Two Tech Giants Invest in a 3D Generative AI Startup | WAVES

暗涌Waves·January 12, 2025

Meituan and ByteDance invested simultaneously.

By Jiaxiang Shi

Edited by Jing Liu

In October 2023, after spending half a year and nearly all his energy on a funding round that ultimately fell through, Wu Di, founder of Yingmu Technology, was stunned. There was no time to dwell on it. Yingmu carried out its first large-scale layoff since founding. Wu had wanted to quickly raise a small round to keep operations running, but the environment was as bleak as it could get. The failed fundraising solidified their resolve to expand into full-category 3D asset generation.

At the time, some teams had already launched 3D generation products based on 2D-to-3D lifting techniques — the dominant academic approach. But they saw the bottleneck: this path could only capture one side of a real object; even infinite images from infinite angles couldn't fully describe 3D content. The only solution was to use native 3D data from the start. It was an all-or-nothing bet. Even the artists on the team originally assigned to film projects were reassigned to model annotation.

Rodin, a 3D engine built on CLAY, launched in June of last year. CLAY is a native 3D generative Diffusion Transformer large model jointly developed by Yingmu and ShanghaiTech University. This research earned them an Honorable Mention for Best Paper at SIGGRAPH 2024. Forty-five days later, Rodin hit $1 million ARR — the main reason, Wu said, they later caught the attention of major tech companies.

Dark Waves has learned that Yingmu Technology has completed a new Series A round of tens of millions of dollars, led by Meituan Longzhu and ByteDance, with existing investors Hongshan and MiraclePlus participating.

Yingmu has long been tagged as a "student startup" — core members are still pursuing master's and PhD degrees in the lab. But four years in, CTO Zhang Qixuan says the "young prodigies" have gradually shifted their priority to commercialization and product usability.

Wu still remembers when he first arrived at ShanghaiTech: the campus was a construction site, and he didn't even know if this patch of dirt would actually become the modern campus shown in the renderings. But having just finished the gaokao, he didn't care. Compared to the conventional path — finish school, go abroad for grad school, return to China and join a big tech company — this nearly blank score held far more appeal.

"WAVES" is a new column from Dark Waves. Here, we bring you the stories and spirit of a new generation of entrepreneurs and investors.

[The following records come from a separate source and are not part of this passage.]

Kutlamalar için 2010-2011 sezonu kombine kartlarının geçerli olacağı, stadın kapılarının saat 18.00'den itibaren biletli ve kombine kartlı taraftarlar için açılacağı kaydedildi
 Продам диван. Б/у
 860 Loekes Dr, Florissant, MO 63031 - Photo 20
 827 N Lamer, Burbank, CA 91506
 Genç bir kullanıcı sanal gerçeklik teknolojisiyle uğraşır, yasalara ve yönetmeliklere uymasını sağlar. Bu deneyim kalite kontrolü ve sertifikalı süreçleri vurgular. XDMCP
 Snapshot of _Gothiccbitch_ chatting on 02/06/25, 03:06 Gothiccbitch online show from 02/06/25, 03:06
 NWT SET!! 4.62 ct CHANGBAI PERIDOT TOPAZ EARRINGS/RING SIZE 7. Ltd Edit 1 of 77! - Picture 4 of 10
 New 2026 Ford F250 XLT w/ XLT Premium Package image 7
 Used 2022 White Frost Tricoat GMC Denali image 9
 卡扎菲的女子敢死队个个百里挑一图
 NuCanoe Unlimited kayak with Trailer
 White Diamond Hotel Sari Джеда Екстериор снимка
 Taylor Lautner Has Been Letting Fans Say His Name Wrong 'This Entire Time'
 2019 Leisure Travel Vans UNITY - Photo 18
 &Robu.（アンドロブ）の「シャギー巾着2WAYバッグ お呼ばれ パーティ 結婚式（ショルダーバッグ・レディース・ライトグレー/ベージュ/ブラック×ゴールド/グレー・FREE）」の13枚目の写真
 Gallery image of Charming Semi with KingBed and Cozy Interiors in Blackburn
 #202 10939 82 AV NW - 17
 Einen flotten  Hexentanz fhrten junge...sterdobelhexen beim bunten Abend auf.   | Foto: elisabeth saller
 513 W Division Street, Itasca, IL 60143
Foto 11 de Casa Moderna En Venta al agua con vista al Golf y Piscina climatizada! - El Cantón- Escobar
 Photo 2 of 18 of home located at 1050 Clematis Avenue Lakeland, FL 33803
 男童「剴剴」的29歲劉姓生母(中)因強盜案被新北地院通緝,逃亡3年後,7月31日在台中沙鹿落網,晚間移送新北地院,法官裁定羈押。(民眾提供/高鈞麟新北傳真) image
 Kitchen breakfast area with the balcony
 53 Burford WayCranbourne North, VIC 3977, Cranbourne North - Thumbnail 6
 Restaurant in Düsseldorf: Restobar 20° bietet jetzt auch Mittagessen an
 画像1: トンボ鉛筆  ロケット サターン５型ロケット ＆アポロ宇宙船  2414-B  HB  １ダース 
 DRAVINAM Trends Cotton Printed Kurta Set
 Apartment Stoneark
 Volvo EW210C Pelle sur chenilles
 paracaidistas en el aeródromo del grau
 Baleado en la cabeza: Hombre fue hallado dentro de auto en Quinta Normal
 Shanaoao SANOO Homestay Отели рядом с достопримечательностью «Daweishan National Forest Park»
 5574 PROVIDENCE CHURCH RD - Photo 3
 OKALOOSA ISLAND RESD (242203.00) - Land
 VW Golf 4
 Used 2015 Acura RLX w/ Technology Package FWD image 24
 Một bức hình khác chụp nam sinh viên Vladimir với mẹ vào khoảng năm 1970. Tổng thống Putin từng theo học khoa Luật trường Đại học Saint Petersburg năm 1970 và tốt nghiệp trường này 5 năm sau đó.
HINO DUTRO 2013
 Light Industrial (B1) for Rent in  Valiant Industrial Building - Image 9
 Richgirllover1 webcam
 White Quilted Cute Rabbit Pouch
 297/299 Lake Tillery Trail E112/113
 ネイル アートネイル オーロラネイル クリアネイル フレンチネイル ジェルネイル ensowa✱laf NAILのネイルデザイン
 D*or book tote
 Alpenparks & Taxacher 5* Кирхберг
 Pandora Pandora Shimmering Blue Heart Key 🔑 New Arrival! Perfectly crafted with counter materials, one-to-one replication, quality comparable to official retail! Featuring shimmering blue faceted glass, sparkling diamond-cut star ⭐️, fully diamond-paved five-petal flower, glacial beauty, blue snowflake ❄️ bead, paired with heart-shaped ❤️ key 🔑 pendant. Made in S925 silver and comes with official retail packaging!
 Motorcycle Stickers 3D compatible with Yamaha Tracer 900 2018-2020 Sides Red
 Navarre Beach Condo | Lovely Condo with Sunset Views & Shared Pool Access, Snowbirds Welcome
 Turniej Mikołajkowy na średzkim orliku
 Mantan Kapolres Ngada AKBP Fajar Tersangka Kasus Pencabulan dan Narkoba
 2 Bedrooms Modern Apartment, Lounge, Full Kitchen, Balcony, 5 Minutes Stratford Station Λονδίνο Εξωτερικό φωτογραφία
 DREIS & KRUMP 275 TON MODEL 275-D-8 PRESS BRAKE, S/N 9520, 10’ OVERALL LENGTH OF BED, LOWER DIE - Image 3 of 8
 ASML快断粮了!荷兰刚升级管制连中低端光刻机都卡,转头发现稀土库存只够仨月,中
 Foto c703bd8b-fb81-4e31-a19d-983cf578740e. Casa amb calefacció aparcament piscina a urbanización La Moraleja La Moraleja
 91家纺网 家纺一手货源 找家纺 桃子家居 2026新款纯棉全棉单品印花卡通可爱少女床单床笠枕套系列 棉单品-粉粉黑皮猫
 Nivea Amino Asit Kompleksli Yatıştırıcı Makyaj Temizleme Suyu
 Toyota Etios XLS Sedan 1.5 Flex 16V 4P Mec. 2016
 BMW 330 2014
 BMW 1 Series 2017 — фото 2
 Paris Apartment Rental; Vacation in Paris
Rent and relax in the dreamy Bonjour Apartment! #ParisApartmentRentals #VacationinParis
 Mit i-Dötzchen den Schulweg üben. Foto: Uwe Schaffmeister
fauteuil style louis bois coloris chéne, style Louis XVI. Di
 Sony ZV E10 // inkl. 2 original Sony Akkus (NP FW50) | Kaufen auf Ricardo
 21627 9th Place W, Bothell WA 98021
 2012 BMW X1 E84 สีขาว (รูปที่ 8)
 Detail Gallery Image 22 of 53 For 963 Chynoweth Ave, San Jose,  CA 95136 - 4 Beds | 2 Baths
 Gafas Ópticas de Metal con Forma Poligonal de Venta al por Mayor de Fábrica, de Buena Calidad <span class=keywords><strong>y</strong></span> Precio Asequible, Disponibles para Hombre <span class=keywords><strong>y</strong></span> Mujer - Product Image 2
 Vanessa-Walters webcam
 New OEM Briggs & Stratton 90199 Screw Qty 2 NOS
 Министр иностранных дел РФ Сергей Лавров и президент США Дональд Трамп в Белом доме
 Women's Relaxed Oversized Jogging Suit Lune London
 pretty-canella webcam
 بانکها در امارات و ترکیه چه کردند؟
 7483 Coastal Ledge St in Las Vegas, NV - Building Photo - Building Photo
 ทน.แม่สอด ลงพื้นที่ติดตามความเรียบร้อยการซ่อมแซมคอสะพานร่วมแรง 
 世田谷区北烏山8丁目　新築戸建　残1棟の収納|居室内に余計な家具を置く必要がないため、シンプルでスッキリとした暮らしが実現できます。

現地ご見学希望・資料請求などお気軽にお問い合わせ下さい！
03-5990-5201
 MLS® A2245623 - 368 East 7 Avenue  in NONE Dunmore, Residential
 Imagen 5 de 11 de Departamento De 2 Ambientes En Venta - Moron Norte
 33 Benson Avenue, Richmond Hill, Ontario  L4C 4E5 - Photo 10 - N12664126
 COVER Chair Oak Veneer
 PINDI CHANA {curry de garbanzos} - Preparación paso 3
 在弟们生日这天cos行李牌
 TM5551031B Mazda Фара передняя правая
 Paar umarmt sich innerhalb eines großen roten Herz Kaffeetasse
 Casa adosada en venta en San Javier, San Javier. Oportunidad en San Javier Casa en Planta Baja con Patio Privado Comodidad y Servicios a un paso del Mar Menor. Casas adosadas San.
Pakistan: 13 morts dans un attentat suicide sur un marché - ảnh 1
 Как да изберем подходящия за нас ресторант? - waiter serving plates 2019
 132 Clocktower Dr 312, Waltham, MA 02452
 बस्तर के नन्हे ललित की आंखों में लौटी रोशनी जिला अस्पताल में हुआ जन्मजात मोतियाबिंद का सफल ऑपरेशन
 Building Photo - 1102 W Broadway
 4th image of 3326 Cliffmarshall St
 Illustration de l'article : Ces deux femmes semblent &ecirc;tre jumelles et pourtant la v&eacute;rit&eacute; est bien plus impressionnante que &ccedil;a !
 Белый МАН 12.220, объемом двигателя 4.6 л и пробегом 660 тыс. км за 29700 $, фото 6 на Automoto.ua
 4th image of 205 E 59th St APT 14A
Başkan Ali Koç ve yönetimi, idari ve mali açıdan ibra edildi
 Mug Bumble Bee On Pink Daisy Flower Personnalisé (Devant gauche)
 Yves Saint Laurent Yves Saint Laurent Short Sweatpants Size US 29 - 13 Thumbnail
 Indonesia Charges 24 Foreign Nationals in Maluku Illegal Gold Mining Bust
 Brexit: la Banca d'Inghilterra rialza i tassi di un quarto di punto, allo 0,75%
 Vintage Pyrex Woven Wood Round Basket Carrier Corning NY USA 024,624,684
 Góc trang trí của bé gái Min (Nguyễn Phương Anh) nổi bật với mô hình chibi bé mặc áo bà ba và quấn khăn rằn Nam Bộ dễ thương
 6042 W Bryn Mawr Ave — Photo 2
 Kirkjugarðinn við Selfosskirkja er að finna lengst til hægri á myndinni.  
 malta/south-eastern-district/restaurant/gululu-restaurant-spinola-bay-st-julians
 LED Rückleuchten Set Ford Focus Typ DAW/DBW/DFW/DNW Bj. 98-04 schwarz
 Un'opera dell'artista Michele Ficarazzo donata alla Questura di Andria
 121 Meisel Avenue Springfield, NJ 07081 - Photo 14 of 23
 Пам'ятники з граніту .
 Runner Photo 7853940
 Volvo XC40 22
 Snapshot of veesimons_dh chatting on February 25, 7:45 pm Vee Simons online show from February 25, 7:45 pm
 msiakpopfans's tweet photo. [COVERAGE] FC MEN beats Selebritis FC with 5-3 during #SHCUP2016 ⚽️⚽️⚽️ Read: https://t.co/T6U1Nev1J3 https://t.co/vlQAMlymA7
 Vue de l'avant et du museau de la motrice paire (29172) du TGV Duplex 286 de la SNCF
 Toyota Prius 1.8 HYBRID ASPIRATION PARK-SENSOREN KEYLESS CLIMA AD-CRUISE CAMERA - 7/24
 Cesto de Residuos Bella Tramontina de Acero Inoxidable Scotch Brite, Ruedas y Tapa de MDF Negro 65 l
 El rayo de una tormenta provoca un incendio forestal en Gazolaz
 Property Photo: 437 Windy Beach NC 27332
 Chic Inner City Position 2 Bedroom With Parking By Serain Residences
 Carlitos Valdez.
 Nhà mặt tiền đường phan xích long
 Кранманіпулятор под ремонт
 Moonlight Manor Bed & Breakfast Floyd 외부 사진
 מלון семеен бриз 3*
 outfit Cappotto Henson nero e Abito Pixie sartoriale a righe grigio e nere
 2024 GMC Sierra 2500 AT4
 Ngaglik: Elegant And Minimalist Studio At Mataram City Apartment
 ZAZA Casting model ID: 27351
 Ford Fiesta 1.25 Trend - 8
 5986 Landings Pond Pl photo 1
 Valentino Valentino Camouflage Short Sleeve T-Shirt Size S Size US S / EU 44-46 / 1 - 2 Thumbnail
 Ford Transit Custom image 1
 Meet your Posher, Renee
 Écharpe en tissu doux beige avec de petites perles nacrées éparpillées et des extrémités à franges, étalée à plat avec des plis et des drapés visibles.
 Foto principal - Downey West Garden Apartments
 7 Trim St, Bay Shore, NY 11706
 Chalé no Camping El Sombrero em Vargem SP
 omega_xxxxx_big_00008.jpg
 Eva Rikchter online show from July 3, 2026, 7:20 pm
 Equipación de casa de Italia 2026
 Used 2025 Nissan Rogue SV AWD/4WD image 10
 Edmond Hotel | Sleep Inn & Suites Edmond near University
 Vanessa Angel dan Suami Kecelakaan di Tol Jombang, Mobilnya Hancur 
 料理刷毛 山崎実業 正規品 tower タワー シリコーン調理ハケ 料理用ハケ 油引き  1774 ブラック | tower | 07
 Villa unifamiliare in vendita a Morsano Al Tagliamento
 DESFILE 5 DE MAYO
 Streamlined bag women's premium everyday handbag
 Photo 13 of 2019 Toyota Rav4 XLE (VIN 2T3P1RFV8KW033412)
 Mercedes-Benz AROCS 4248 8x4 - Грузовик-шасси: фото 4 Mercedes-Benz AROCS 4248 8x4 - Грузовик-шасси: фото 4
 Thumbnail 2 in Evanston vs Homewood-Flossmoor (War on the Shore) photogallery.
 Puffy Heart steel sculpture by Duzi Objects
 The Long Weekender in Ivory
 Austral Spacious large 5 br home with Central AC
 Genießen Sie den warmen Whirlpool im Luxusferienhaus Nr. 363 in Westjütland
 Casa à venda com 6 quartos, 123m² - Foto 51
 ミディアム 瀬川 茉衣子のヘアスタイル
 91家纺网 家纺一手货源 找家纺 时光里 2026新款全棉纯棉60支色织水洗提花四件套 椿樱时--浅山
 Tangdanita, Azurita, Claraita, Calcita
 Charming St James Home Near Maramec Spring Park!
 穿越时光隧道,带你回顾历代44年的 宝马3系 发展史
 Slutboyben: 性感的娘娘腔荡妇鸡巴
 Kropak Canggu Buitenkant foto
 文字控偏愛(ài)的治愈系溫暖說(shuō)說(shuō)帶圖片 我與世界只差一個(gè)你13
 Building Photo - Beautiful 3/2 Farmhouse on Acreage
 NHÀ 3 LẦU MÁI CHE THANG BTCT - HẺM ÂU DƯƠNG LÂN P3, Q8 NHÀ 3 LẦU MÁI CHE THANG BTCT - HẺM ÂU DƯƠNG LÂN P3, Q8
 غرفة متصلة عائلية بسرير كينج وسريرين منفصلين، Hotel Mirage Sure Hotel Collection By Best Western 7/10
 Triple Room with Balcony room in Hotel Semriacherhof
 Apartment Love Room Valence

The following is a retrospective from Yingmu Technology founder Wu Di and CTO Zhang Qixuan on their entrepreneurial journey, including their understanding of the future of 3D generation, edited by Dark Waves:

On Entrepreneurship: A Single Choice

1. Yingmu was born from a lab problem: how to put people and objects into virtual worlds. To achieve this, in 2020 we launched our first facial scanning system, capable of capturing how faces appear under different lighting conditions to synthesize their display under entirely new lighting.

2. But this technology kept hitting walls in real-world applications. We had made it into the face-swapping project for The Wandering Earth II, but the collaboration ultimately fell through. The reason: our first-generation dome light field focused on light capture — piecing together how people appeared under illumination — with fixed camera angles and no model movement. It could only be used for completely static shots from specific angles. The light field could only collect geometric data, not material properties, and was powerless against dynamic information like facial wrinkles.

3. That's when I realized there was a massive gap between academic research and what industry actually needs. What industry needs is 3D modeling with clean topology, proper UVs, renderability, adjustable expressions, and real-time game engine compatibility — not elegant wireframes. While waiting for the next-generation dome light field, we wanted to try something based on generative network technology.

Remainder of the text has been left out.